“Potansiyelimizi görmek için dış yardımı beklettik.” ( Başbakan yrd. B. Atalay (30/10011, Hürriyet). Başbakan ise, kaçak yapılaşmayı önlemek ve 10 milyon konutun inşası ve/ya yenilenmesi için yasal hazırlık talimatı verdiğini açıkladı. Şunu da ekleyerek: bu girişim seçim kaybettirse de…
Önce, Sn. Atalay’ın açıklaması: acaba enkaz altında yakınları bulunuyor olsaydı, “beklet”ebilir miydi? Daha önemlisi, test işleminin afet sırasında değil, afet öncesi yapıldığını bilmiyor mu acaba? Bilindiği gibi, afetlerle ilgili çalışmalar ve önlemler, üç aşamaya ayrılır: afet öncesi, afet esnası ve afet sonrası.
1.- Bakanın açıklamasının ortaya koyduğu gerçek vahim: afet öncesi gerekli önlemler alınmadı; yapı sektörü düzene sokulmadığı gibi olası bir afet öncesi kurtarma uygulaması da yapılmadı. Afet sırasında ise, güç sınama yoluna gidildiği için, hizmetlerde aksama oldu, ölümler arttı…

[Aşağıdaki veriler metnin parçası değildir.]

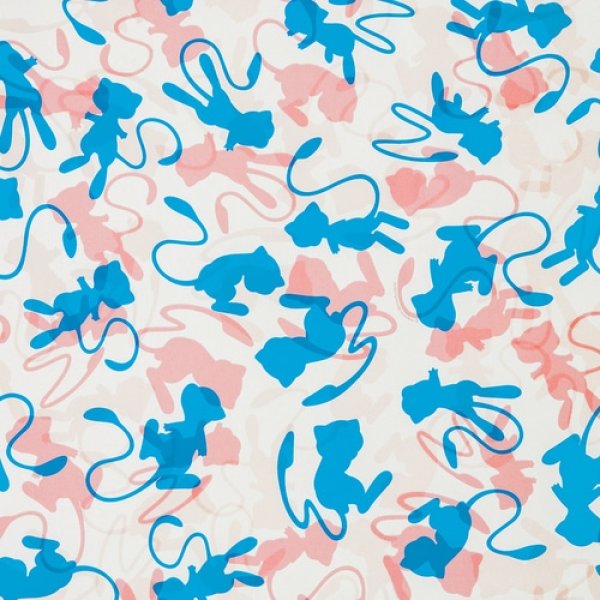 Photo3: Pokemon Center 2024 mt Removable Decoration Tape Mew 23cm x 3m (3)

2.- Depremin ilk günlerinde görülen aksaklıkları itiraf eden Başbakan ise, “afet sonrası” önlemlerin yapı sektörü ve konut anlayışında köklü değişikliklere gidileceğini açıkladı: çıkarılacak “Dönüşüm Yasası”nda yetkilerin Çevre ve Şehircilik Bakanlığında toplanması; denetim üst kurulu oluşturulması; yeterlik belgesi olmayanların müteahhitlik, kalfalık, ustalık yapmasının önlenmesi. Bu amaçla, ilgili değişiklikler öngörülüyor. Uygulamaya, Afyon, Denizli, Elazığ, Hakkari, Kocaeli, Kütahya, Sakarya ve Van kentlerinden başlanacak…
Bu projeyi gerçekleştirme olasılık ve olanağının tartışılması bir yana, şu iki husus kayda değer:
1.- On yıldır iktidarda olan AKP ve mirasçısı olduğu partiler ise, daha uzun süredir adı geçen şehir belediye yönetimlerinin çoğunda. Mesela, İstanbul Belediye Başkanlığı, 1994’ten bu yana Fazilet, Refah ve AKP’nin elinde. Bu süreçte, ivme kazanan yapılaşma faaliyeti ile azalan yeşil alan arasındaki doğrudan bağlantı açık…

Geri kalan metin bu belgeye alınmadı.